僕自身は、オ版を同時代的に見た世代です。当時の子どもらにとって最大のセンセーションは、ペンキを塗る、ワックスがけをする、といった日常の単調な作業の中に、武芸の奥義にも通じる基礎動作が潜んでいるという、“物の見方”の提示にあったと思います。人によっては、ラルフ・マッチオ(オ版の主演俳優)の捨てられた子犬のようなクンとした表情だという方もいたことでしょうが。ただ要するに、子どもではあっても、所詮はこれも虚構だろうという冷めた見方も、どこかで持ち合せていたようには思います。
本作はその辺、よりリアルっぽくなっています。その分、ジャンパーを脱ぐ、捨てる、拾う、掛ける、また着るというこの一連の動作に、子どもたちがこぞって真似たくなるような磁力がどれだけあるのかなと、いう気がしました。無論、僕自身が、本作のドレ少年のような年齢どころか、オ版のダニエルのような高校生であった時期さえ、はるか遠い昔となり、もう共感できなくなっているだけかもしれません。
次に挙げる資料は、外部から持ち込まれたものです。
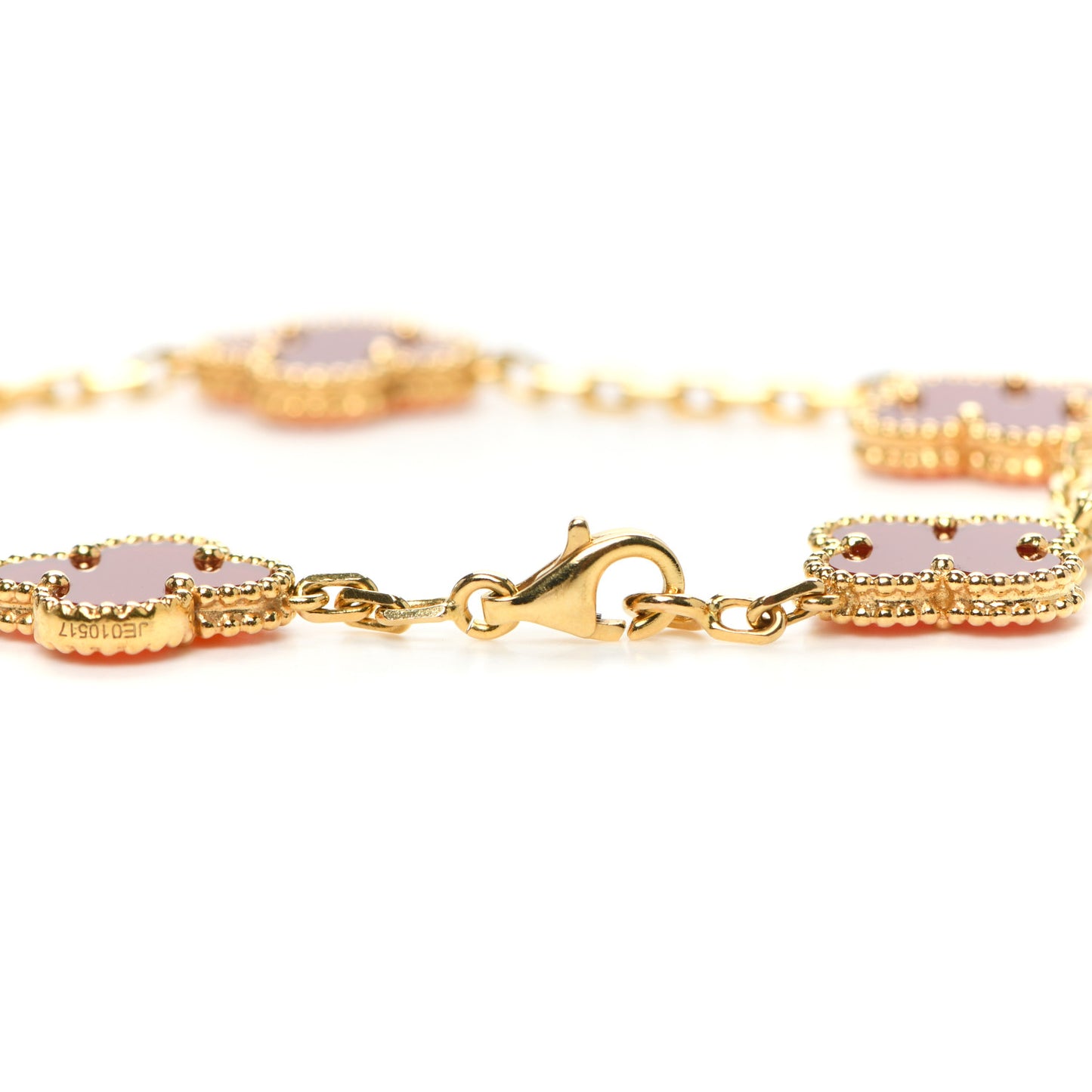 18K Yellow Gold Carnelian 5 Motifs Vintage Alhambra Bracelet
オ版を見ていなければ、また違った見方はあり得たでしょう。だがチェンの役柄を、知らないアジア人が演じていたらどう見えたか。少なくとも、本作のセンセーションは、武芸の伝授役にジャッキー・チェンを起用するという一面にのみ偏っている印象は否めないと思います。
75/100(17/06/02見)
追記)七夕ってチャイナから伝わってきた風習のはずだけど、日本の七夕とはまただいぶ違う感じなんだな〜とか思いながら見ていたら、ハンさんが家族を事故で亡くした日=6月8日というのが出てきた。チャイナの七夕は7月7日ではないの???